On the “Anne Will Show” Wednesday night, Philipp Missfelder, foreign policy spokesman of the German Christian Democrats, demanded that Arseni Yatsenyuk instantly purge his interim cabinet of these neo-Nazis. The “Aus der Anstalt” program, a widely-watched political comedy show, two nights ago attacked Yulia Tymoshenko (coming onstage in a wheelchair as she did on the Maidan, and in the company of Pravy Sektor types with molotov cocktails in hand) as an oligarch; exposed the regime-change in Kiev as done by professionals, including Victoria Nuland and the $5 billion spent for the insurrection in Ukraine, and John McCain. The show even called German Foreign Minister Frank-Walter Steinmeier) “Aussenmeier Frankenstein,” adding that the “first big foreign policy success of the new German government five weeks after its starting work, is that neo-Nazis are in power in Kiev.”

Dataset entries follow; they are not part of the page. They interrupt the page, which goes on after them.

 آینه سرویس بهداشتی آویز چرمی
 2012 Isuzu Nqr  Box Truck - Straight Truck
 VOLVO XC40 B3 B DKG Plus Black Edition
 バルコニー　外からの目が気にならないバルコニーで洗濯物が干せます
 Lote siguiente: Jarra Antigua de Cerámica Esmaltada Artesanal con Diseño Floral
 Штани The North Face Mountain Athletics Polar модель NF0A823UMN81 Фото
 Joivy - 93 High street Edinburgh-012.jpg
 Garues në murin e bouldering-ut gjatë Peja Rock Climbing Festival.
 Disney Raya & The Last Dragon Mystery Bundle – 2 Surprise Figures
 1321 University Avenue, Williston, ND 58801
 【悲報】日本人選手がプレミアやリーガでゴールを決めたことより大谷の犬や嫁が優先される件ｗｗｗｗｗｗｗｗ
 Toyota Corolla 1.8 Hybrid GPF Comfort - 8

One may add Germany’s leading business daily, Handelsblatt, today. It did not mention the neo-Nazis in the Yats regime, but attacked the West’s “pitbull politics” vis-à-vis Putin, a policy of little brain but bared teeth, not reflecting but jumping into high risks—up to the risk of war. It is simply idiotic. Handelsblatt says, Russia is providing us with gas for heating for our living rooms, we deliver harvesting equipment and automobiles in return. Putin is not the one who has to practice restraint, “it is the pitbull inside us that has to be put back on the leash.”
Peter Munk Jensen, senior analyst from the Danish Institute for International Studies (DIIS), the independent, government, leading strategic think-tank in Denmark, was interviewed on P1, the main national talk-show channel Thursday morning, about the major role of right-wing extremists in Ukraine during the seizure of power, and in the new Ukrainian regime. Half of the government ministers are members of Svoboda, the Right Sector (Pravy Sektor) and the Ukrainian National Coalition. They are against foreigners, Jews, non-Ukrainian languages, and are “closely related to Nazi and fascist ideology, using their symbols.” A lot of things from the “brown swamp.” They also want Ukraine to join NATO.
Look at Ukrainian history. There has been a right-wing nationalist foundation in west Ukraine. During World War II, people from west Ukraine “fought on the German side, joining the Waffen SS.” In the latest local elections, Svoboda got 30-40% in some sections of west Ukraine, but no more than 1% in the east.
He said that Russia, in its propaganda about the right-extremist groups, is playing on the deep fear of Nazism and fascism in the population, especially those who remember Hitler’s march across the country.
“We have not had very much focus on what is going on in Ukraine, with the rise of the right-wing. We are busy speaking about the Russian invasion, and the economic crisis.
Host: “We have spoken a lot about who is on our side, and who isn’t. It is, among others, all the right-wing extremists who are.”
Jensen replied, “Yes, you can say that. You could almost say that we are embracing them by opening EU up now for economic agreements, and political association agreements, which Yanokovych rejected.”
The host listed the European right-wing extremist groups to which Svoboda is linked, saying that earlier this morning we heard that members of the Swedish right-wing party, the Swedish Party, went to help in the fighting on the Maidan. Jensen said, that that is probably correct, and there are probably also members of other European right-wing parties who participated in the fighting on the Maidan. “It was the Right Sector, which now has two members in the government, who were at the very forefront of the barricades, including members who had received military training for two to three years in military training camps. They are extremely disciplined and militant, and were in the very forefront during the fighting with Yanukovych’s Interior Ministry’s troops.”